Com diárias acima de R$ 2 mil, spa privativo, academia de alto desempenho e uma operação pensada para blindar completamente seus hóspedes, o hotel escolhido pela Seleção Brasileira para a Copa do Mundo de 2026 virou símbolo de um novo tipo de luxo: mais discreto, silencioso e cada vez menos interessado em ostentação explícita.
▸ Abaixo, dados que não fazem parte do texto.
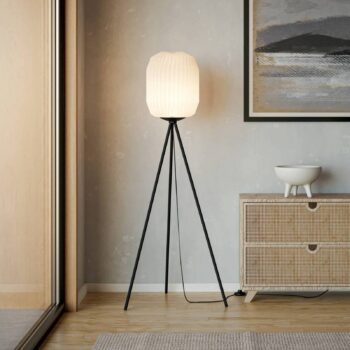 Stojacia lampa Belgrave, výška 141,5 cm, čierna/biela, kov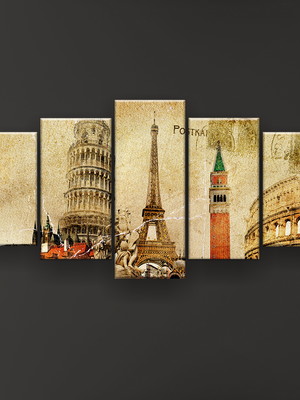 Quadro decorativo postais 129x61 sala quarto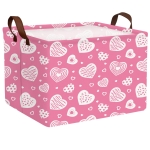 BOAMAU Kid Large Valentine's Day Basket Heart Cute Empty Gift Basket for Girlfriend Love Room Decor Storage Basket (Pink Leopard Print Heart)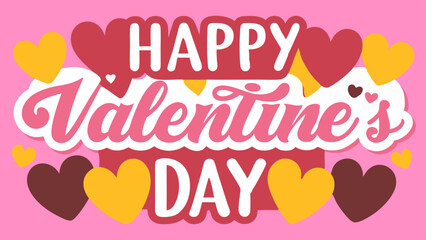 Elegant Hand-Drawn Brush Lettering of Happy Valentine's Day with Hearts - Vector Illustration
Localizado em Basking Ridge, em Nova Jersey, o The Ridge Hotel será a base oficial da delegação brasileira durante o Mundial comandado por Carlo Ancelotti. A poucos minutos do centro de treinamento e a cerca de meia hora do MetLife Stadium (palco da estreia contra o Marrocos), o empreendimento foi selecionado pela CBF após uma extensa série de visitas técnicas realizadas nos Estados Unidos.
Diferente dos hotéis luxuosos marcados por excessos visuais, o The Ridge segue uma proposta mais silenciosa. O empreendimento funciona quase como um refúgio corporativo de alto padrão, com estrutura preparada para receber executivos, eventos reservados e hóspedes que valorizam discrição acima de exposição.
Ao longo da Copa, a hospedagem ficará inteiramente reservada para Neymar Jr., comissão técnica e integrantes da delegação brasileira.
Entre os diferenciais apontados no projeto estão: suítes amplas; spa privativo; academia de alta performance; áreas voltadas para recuperação física; acesso mais restrito e operação desenhada para limitar circulação externa.
Para Thiago Castilho, incorporador imobiliário e especialista em processos construtivos de alto padrão, o caso do hotel escolhido pela Seleção reflete uma transformação cada vez mais forte no comportamento do consumidor ultra premium.
“Os empreendimentos mais desejados do mercado premium deixaram de competir apenas por estética ou ostentação. Hoje existe uma valorização muito maior da discrição, da experiência personalizada e da eficiência invisível da operação. O luxo passou a ser percebido naquilo que não chama atenção”, analisa.
Segundo o especialista, hotéis voltados para hóspedes de altíssima renda passaram a incorporar soluções antes mais comuns em residências ultra exclusivas, como: circulação reservada; automação integrada; isolamento acústico; serviços praticamente imperceptíveis e controle rigoroso de acesso.
“O cliente de alto patrimônio quer proteção da rotina. Quer conforto absoluto sem interferência, segurança sem exposição e experiências extremamente fluidas”, explica Castilho.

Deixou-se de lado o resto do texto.